Transcribe exactly, and only, the lines running from the one that contains "actor Ann B. Davis large photo" through the last line of the material. No pictures.

# DATA EXTRACT
-- Opening Marker --

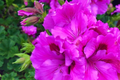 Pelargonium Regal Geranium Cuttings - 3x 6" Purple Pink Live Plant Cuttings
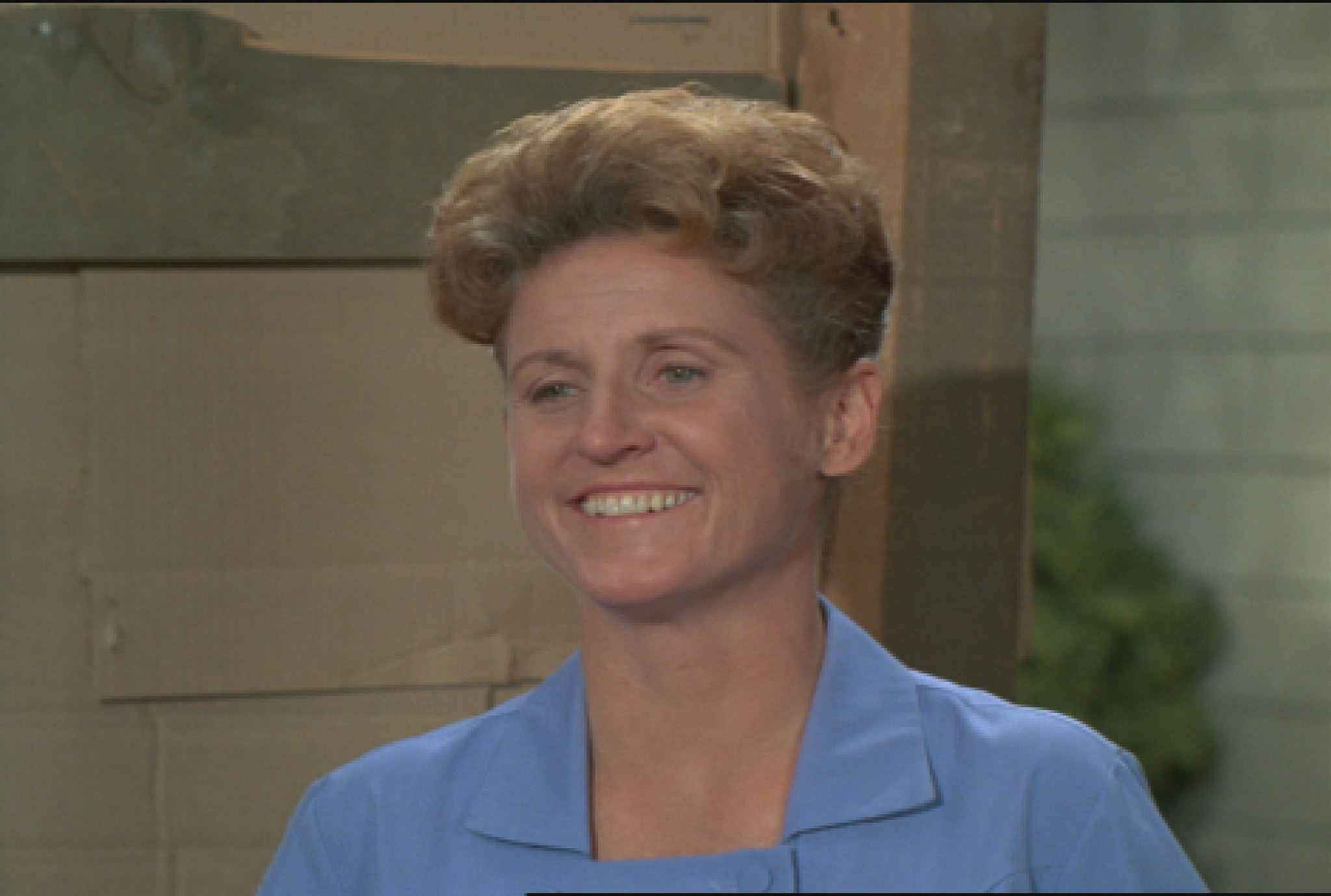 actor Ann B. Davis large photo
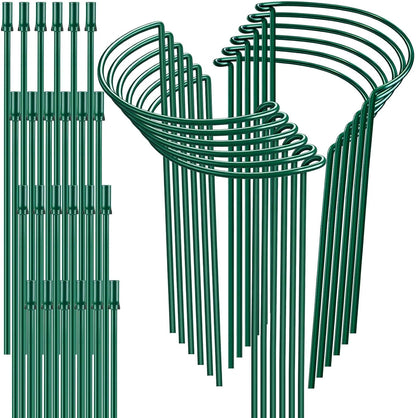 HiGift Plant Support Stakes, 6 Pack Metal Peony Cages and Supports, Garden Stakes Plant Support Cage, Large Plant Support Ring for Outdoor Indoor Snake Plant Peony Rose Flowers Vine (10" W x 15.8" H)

-- Closing Marker --

# PROBLEM SOLUTION
 actor Ann B. Davis large photo
 HiGift Plant Support Stakes, 6 Pack Metal Peony Cages and Supports, Garden Stakes Plant Support Cage, Large Plant Support Ring for Outdoor Indoor Snake Plant Peony Rose Flowers Vine (10" W x 15.8" H)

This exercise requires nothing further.